Singers’ big mistakes in performance usually go unnoticed by the audience

A choir concert is never 100% perfect. There are usually one or two minor errors, or even big mistakes.

photo by Alex Proimos

But what might feel like a huge disaster on stage is often not noticed by your audience.

Singers usually know when they’ve gone wrong. It might be a missed cue, a forgotten lyric, or an incorrect starting note. To an individual singer this can feel like a huge and obvious mistake. Surely everyone in the audience has noticed? What an embarrassment!

However, in a choir of 30 or more singers, one small transgression is usually difficult to spot. The whole effect is greater than the sum of its individual parts.
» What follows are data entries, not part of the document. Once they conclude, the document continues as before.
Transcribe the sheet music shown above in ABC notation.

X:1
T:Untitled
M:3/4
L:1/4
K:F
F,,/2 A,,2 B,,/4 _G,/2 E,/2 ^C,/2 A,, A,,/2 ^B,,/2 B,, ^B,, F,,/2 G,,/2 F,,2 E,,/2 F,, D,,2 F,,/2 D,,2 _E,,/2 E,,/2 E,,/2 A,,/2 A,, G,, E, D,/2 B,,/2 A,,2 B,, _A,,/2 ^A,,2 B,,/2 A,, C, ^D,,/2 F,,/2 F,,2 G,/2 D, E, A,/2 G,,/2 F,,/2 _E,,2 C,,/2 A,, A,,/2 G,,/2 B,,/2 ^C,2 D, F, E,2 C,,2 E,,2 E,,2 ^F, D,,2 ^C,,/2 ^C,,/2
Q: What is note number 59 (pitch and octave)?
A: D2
Occasionally a whole section may come in at the wrong time or get the starting note wrong. And from time to time, the entire choir may make a mistake, e.g. everyone stops singing prematurely or gets the timing totally wrong.

Unless it’s a very well-known piece, the audience won’t know what to expect. Perhaps that false ending was how it was supposed to finish. Or that weird chord might have been intentional. Or the unusual timing was just a very clever and complex example of polyrhythm.
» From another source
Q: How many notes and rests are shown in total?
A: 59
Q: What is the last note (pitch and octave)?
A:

In which case, the audience won’t notice. The singers will because they know how the piece should go. But not the audience.

Even if some in the audience spot something ‘wrong’, it’s usually over in a few seconds and is but a small part of the whole song. Which in turn is but a small part of the whole concert. The audience will forget most mistakes by the time the concert is ends.

I’ve discovered over the years that getting the choir to make a big mistake early on can be a distinct advantage. For example, giving out the wrong starting notes or counting a song in incorrectly. The audience visibly relax and realise that the singers on stage are human after all. For the rest of the concert they are with us, willing us to succeed.

I once saw a play where the stage lights all went out during one scene. The actors carried on in darkness as though nothing had happened. The lights remained off for several minutes. At the end of the show, I realised that most of the audience hadn’t even noticed the blackout!

So singers, don’t beat yourself up when something goes wrong in performance. It’s not the end of the world, and probably nobody noticed any way.

Of course, just because audiences may not notice our mistakes on stage, doesn’t mean that we shouldn’t aim for 100% accuracy in our performance. We will never achieve it, but aiming is what counts.